As if the oak tree were not enough of an issue, there are overhead utility lines that run along the rear property line (The wires run through the tree foliage), and along Geranium Street. At the intersection of these lines is a utility pole with a couple of electrical transformers. It also happens to be located where the driveway would likely go.
So, to create a new house with a plan that works for my client, the old house would have to be demolished, the large oak tree with the 3 foot diameter trunk would have to be removed without damaging the rear neighbor’s roof, and the utility pole would have to be relocated. There are few options of where to relocate the utility pole since it supports overhead lines in two directions.
What’s more, the old house provides a benchmark for the quality and craftsmanship that is expected in the new additions. If the house were demolished, this benchmark no longer exists. It then becomes easy to cheapen the new construction, and the end result could be less desirable. This is another concern I have with demolishing the old house.
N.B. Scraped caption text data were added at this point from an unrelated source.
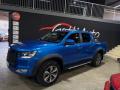 usato EVO Evo Cross4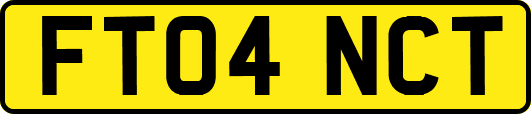 FT04NCT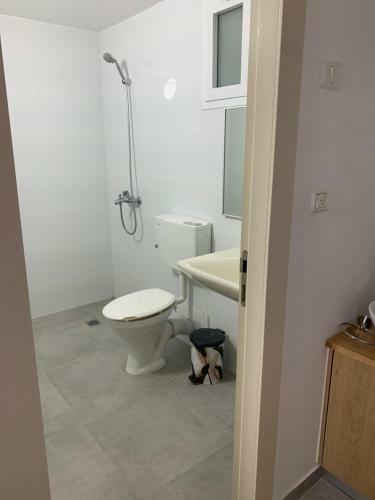 Apartamento ????? ????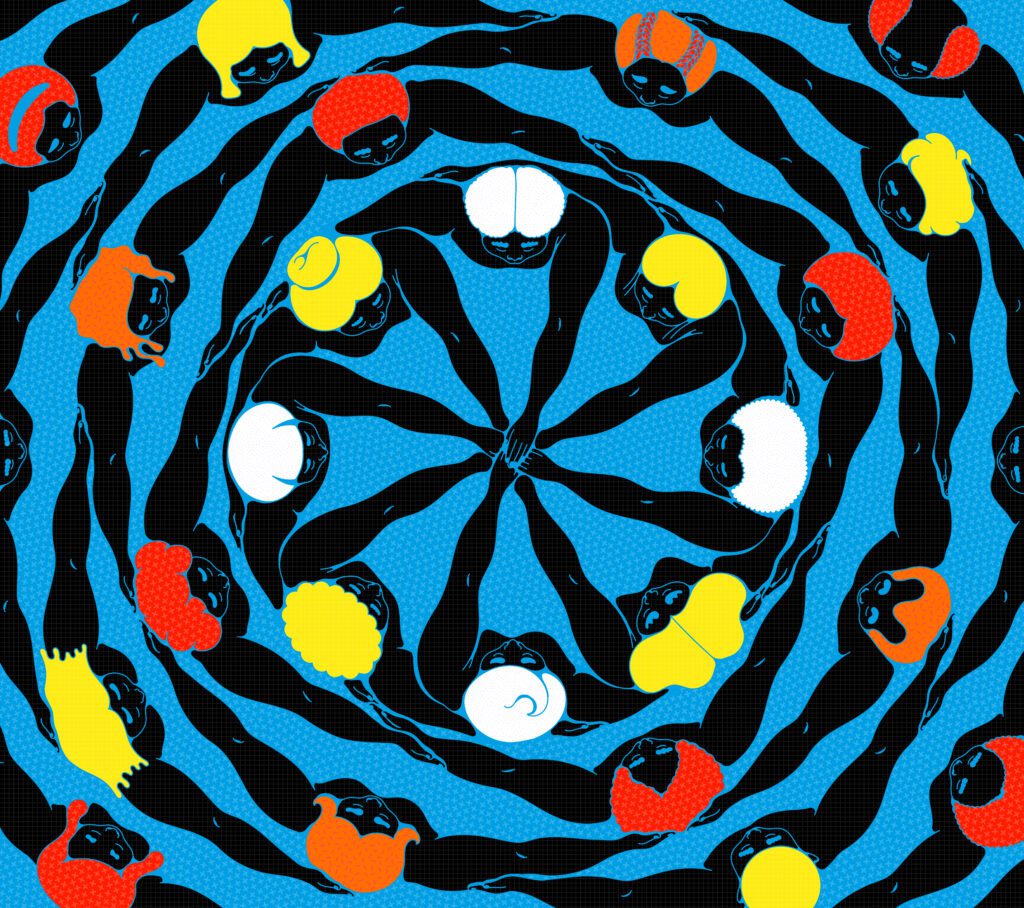 The Power Of Collective Giving And How Community Foundations Are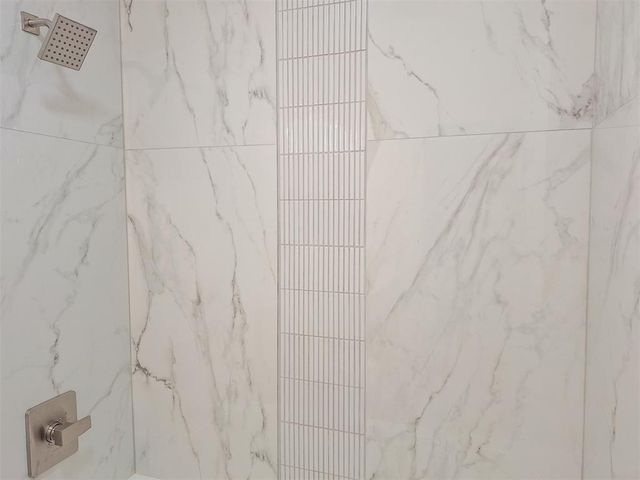 2324 Knox Drive, Del City, OK 73115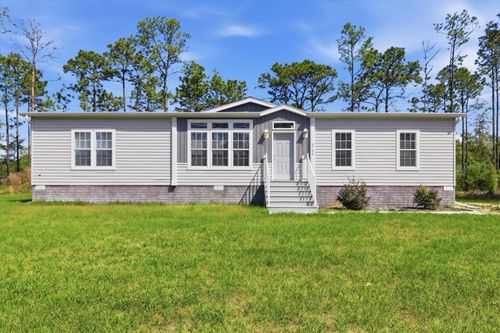 6735 W Homosassa Trl, HOMOSASSA, FL, 34448-2555 | Card Image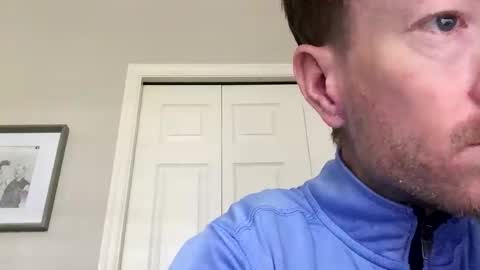 Dustinthesweettalker online show from November 25, 2025, 7:58 pm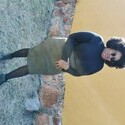 Blkgal Germiston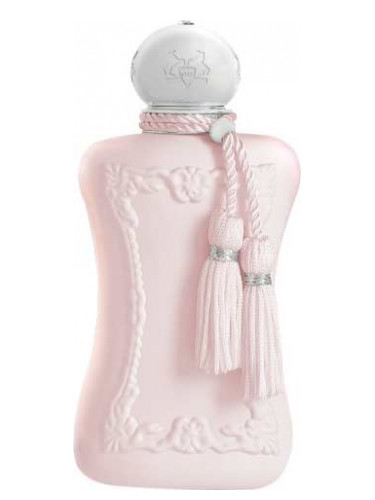 برند پرفیومز د مارلی- Delina Parfumes de Marly زنانه محصول سال 2017
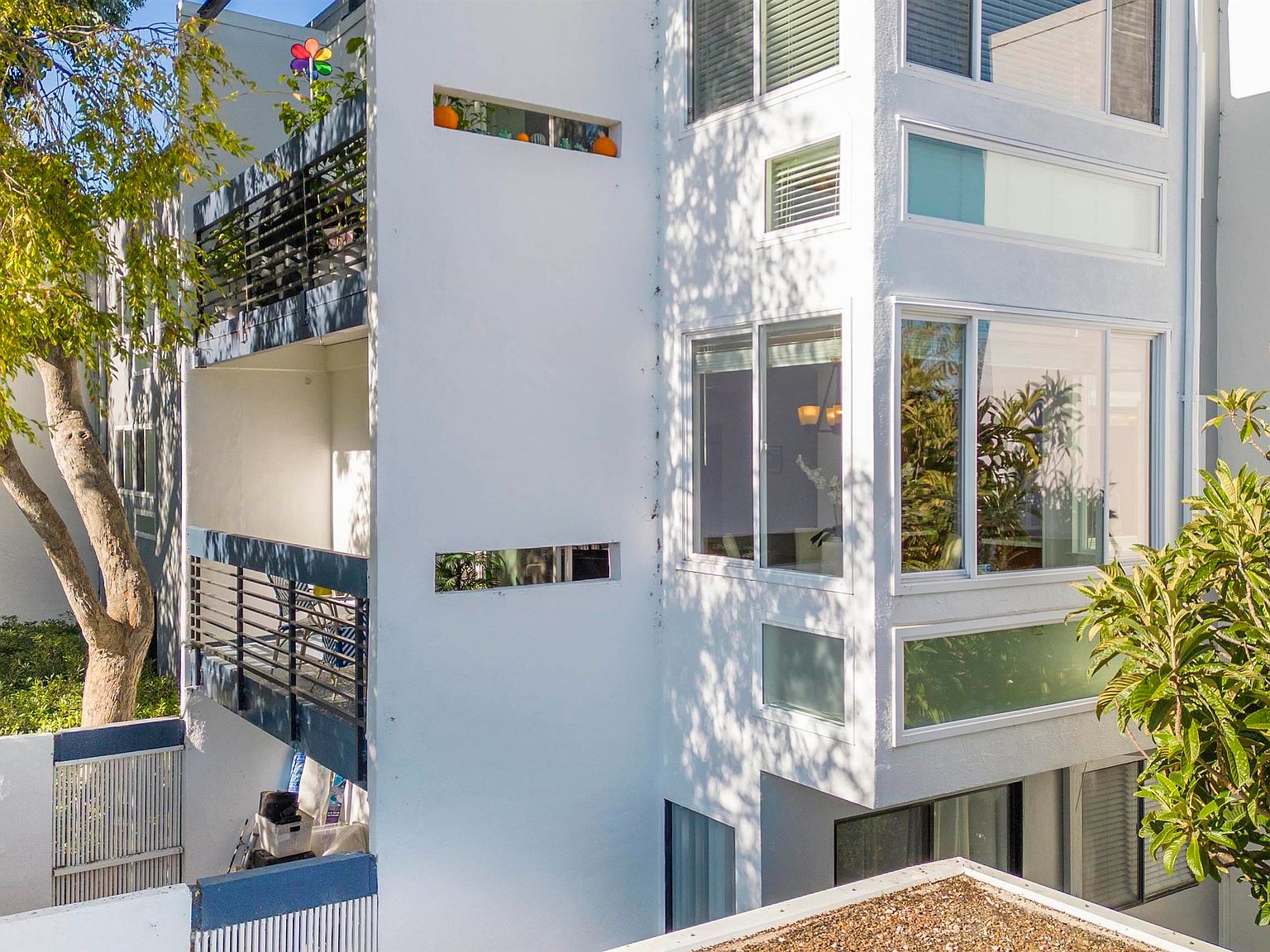 1025 Shell Blvd APT 7, Foster City, CA 94404 Zillow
I am recommending that the house not be demolished, and the renovation/expansion scheme be developed further. However, my client continues to talk to builders (who prefer to build new houses rather renovate old houses) who recommend that the house be torn down. I have told him to not proceed with the demolition, since I am a long way from completing construction drawings for whatever he decides to do, and that because the demolition would take only 2 to 3 days, there was no need to hurry; it wasn’t causing any delay. (The house doesn’t hold any sentimental value to him; it’s not like it was the house that he grew up in, but I still fear that he would regret demolishing the house, especially when confronted with the issues with the tree and the utility pole.) The problems with the renovation/expansion proposal seem insignificant; you have to make the plan work as best you can, and can’t expect it to be perfect.
I have prepared a design for a new house for the lot just in case he insists that the house be demolished. I will post the plans and elevations in a future post.